More Perfect

wherein i attempt to do all the things that women are supposed to do and generally make myself miserable in the process

Thursday, June 01, 2006

The Seven Habits of Highly Effective Mommies

So apparently when you go to a wedding where the people getting married are in their mid-thirties, approximately half the guests will either be hugely pregnant or will have young children. As a result, I got to witness a lot of competitive mothering over the course of the three-day affair last weekend. Here we were, a group of thirty-something women with children between the ages of four months and five years, all thrust into dealing with where to store the kids while we went to the wedding festivities. And there were as many solutions as there were mothers.

There was the mother who refused to leave her child, who brought him along to every event, keeping him up past his bed time and eventually leaving early to return to the hotel. There was the mother who was lucky enough to be able to stow her twins with her parents, who lived in the area. And then there was me. I left Milo with a babysitter three nights in a row and didn't look back. Which I didn't really think was odd until I heard what all the other mothers were doing.

One night I shared two babysitters with the mother of a five-year-old and a one-year-old. About six hours after we'd left the kids, I went over to her and asked if she'd spoken to the sitters. I was only asking to be polite, because there'd been some confusion when we left as to which babysitter was hers.

"I already called twice," she said. "Everyone's fine. They're all asleep."

She'd called twice? It hadn't even crossed my mind to call once. I'd figured that if there had been any problem, the sitters would call me. They had my cell number. They knew how to operate a phone.

I suppose part of the difference is that most of the mothers there were stay-at-home moms, and I am not, which means that I am used to leaving Milo with anyone who will take him, and they are used to being their child's primary caregiver. But I also wondered if I was being too free and easy about the whole mother thing. As I've written about before, I don't really have that much of a problem being away from Milo. Sure, I get that vague nervous nagging at the back of my mind when I'm away from him, but I also have a life to live. Perhaps it's not a coincidence that I am the parent always pushing Milo higher in the swing, or hanging him upside down by his ankles, while Steven looks on in horror.

"You're scrambling his brain," Steven mumbles.

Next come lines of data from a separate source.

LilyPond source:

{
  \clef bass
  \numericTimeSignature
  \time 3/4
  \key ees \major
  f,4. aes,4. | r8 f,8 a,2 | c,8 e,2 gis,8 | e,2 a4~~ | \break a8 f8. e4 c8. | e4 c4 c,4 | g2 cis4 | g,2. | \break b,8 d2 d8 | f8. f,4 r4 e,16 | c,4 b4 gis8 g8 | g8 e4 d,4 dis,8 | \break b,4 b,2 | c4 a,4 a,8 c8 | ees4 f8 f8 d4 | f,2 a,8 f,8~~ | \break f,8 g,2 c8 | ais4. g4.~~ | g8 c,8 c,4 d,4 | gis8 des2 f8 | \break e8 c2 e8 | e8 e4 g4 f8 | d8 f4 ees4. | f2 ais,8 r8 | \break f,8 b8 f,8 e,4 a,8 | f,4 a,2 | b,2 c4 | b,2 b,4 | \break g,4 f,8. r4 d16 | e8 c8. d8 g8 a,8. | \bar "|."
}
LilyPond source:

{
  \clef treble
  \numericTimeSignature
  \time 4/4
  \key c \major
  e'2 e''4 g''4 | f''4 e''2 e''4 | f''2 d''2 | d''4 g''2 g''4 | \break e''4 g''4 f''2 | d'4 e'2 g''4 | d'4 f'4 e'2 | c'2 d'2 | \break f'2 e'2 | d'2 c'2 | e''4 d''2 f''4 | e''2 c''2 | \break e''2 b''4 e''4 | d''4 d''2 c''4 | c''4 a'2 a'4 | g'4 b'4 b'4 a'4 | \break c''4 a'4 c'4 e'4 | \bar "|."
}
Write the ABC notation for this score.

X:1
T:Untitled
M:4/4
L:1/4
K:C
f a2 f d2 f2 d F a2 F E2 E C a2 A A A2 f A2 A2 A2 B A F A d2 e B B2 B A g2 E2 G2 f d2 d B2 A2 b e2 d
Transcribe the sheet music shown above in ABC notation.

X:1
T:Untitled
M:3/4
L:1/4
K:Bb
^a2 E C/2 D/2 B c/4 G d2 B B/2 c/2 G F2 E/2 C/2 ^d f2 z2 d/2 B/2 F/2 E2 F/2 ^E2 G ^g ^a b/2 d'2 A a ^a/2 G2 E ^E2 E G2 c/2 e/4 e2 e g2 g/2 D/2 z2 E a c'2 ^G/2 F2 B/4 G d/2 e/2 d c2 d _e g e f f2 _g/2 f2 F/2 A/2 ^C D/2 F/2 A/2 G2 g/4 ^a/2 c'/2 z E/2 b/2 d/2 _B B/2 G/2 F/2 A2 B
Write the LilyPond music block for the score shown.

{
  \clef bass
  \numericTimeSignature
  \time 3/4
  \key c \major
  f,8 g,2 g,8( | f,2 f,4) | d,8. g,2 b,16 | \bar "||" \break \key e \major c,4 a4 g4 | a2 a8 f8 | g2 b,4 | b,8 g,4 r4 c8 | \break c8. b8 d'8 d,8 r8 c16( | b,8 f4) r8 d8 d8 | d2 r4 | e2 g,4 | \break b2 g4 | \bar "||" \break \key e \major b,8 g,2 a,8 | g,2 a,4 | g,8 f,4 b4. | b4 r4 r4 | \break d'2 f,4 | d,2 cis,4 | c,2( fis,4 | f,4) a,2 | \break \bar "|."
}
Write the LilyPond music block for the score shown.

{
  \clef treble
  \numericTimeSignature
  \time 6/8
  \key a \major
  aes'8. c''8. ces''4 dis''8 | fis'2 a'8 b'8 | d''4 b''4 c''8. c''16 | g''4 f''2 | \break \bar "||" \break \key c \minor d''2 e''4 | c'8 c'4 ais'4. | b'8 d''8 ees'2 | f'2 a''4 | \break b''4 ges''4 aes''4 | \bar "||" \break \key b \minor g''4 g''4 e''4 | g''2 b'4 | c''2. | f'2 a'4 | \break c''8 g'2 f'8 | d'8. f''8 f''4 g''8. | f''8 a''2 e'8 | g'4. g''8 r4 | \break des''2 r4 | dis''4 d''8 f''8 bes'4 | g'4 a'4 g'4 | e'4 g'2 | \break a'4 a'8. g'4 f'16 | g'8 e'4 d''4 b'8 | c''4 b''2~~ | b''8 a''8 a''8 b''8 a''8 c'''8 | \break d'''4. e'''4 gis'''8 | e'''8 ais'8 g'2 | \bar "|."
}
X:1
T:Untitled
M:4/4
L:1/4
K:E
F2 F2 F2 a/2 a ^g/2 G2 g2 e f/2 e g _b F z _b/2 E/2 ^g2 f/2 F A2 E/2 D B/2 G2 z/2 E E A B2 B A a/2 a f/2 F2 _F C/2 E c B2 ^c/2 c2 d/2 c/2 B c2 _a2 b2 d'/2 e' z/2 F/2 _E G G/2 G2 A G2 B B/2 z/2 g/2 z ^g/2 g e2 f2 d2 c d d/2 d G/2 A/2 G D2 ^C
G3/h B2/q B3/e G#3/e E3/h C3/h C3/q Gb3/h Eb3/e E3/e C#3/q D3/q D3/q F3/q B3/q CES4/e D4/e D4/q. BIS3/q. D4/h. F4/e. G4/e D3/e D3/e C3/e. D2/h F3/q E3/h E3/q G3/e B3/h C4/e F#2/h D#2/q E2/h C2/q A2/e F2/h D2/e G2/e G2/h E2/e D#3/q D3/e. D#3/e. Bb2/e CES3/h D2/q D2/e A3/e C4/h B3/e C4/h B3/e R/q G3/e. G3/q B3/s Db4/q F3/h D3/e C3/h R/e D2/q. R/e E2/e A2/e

I always laugh. "There go two points on his SAT score," I say, flipping Milo upside down.

Milo likes it. He also likes meeting new people and playing with assorted babysitters. Or maybe I just tell myself that.

My mother says there are different kinds of babies and different kinds of mothers and there is no absolute right or wrong. There are babies who need to never be left and there are mothers who need to be with their babies always, and there are babies like Milo and mothers like me, and in the end it all works out. I guess that remains to be seen.